Tip 2: Implement a Knowledge Management Strategy
There is often the misconception surrounding knowledge management that “if you build it, they will come.” This isn’t always the case. If you’ve got automation and AI at work without the right knowledge behind it, your customers and agents will be flustered and likely to ignore the platform altogether.
Start by assessing the knowledge articles you already have. Consider which need to be updated and which are too out-of-date to keep. Then, you can make a plan to enlist the help of agents and customers alike to refresh the articles you have and create the information needed to fill in the gaps.
Remember: knowledge management isn’t about filling up a database with FAQs that customers and agents don’t need. The point is to create a system built to empower customers to resolve their problems. You want your knowledge management database to become the go-to for customers when they encounter an issue, so you’ll want to get feedback directly.
Once your database is created, you can connect it to your automation efforts in a self-service portal and market it to your employees as a way to solve problems collaboratively without endless Zoom meetings.
Tip 3: Facilitate Collaboration with Service Management
If your service desk team is spread across a wide region, they’ll likely be missing that in-person element of collaboration. For example, let’s say someone on your service desk team has solved a few incidents that might be connected to a more significant problem. Then another agent gets a similar incident to resolve. They could hop on a call to discuss it. But with a collaborative tool within your ITSM solution, agents can easily share and collaborate to resolve tickets and find resolutions that worked in the past.
Collaboration can go beyond working through tickets. Your agents can also collaborate and submit changes to knowledge articles within your ITSM tool. Altogether, your agents will save time and have fewer meetings with the same positive results.

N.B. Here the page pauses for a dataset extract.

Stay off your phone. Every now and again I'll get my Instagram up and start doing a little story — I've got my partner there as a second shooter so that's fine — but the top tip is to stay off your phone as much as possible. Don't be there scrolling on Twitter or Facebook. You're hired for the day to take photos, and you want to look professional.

Tip 4: Create Growth Opportunities
Reducing employee turnover is essential when providing consistent support at the service desk. But, for teams coping with burnout and remote work fatigue, you might wonder how to help them if they’re close to that point.

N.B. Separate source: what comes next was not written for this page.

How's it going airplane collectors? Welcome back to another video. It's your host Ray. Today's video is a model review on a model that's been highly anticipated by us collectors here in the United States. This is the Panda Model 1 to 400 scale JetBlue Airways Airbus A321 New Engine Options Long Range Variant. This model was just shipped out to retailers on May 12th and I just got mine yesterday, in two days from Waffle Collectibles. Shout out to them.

Although it sounds counter-intuitive to take some agents offline, you’ll find that allowing your people to take time away from ticket handling, to focus on new skills and moving closer to their personal career goals, will help. When you support staff in achieving their professional goals, they’ll feel more empowered to solve customer problems and provide customer-centric service creatively.
Employee satisfaction should be the goal, and the modern employee needs modern tools. So first, embrace new technology and advanced ways of thinking. This change doesn’t need to take years or even months.